I hope you see the general pattern it’s about verifying for the programmer that things actually line up. Some developers go as far as to say “If the types line up it’s guaranteed to run!”

  • The research done in this area mostly provided inconclusive results, there were issues with the gathering of subjects, biases in the selected projects, issues with the analyzed results, but even this way there wasn’t any real conclusive evidence. So in this regard, my suggestions would be to go with whatever your team’s preference is.

As a personal insight from a sample size of 1, in the enterprise/fintech space having worked on a large project that used with Java, Scala, Javascript, and Groovy. The stronger the type system the better and as much type inference as possible is a blessing.
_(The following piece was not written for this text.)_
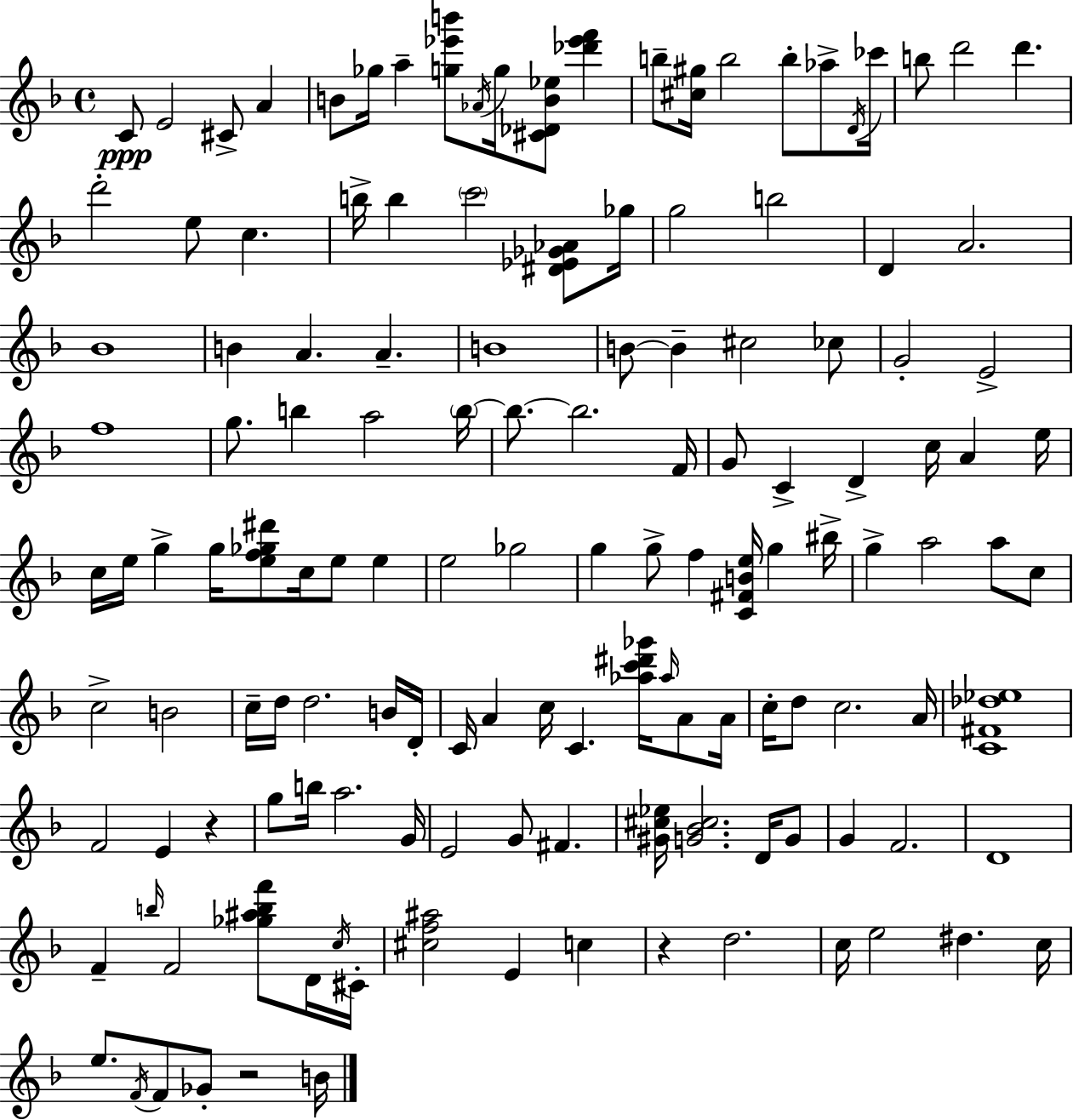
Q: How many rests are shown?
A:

The drawback is the compiler speed but from what I’ve seen for large enough dynamic projects the startup speed and extra tests because the lack of types the net result is mostly the same. In refactoring, the static languages, gave me such a significant help, as if I was almost pairing up with another developer.

Strong or Weak Typing

The debate for strong versus weak typing is sort of similar, just the context is different. In a weakly typed language when you write

$someVarible = "abcd";          // $someVarible is a string
$someVarible = 123;             // $someVarible is now an integer

The other thing that happens in weakly typed langues is type coercion, where because of context the type of a variable is changed to a match it’s context. See the following example in Javascript:

[0,1,2].indexOf(0)
returns => 0
[0,1,2].indexOf(0) == false
returns => true

This happens because in the context of == sign the 0 should be a boolean value, so it’s coerced into false. You can find many examples of type coercion in javascript in the “Wat” video by Gary Bernhardt here.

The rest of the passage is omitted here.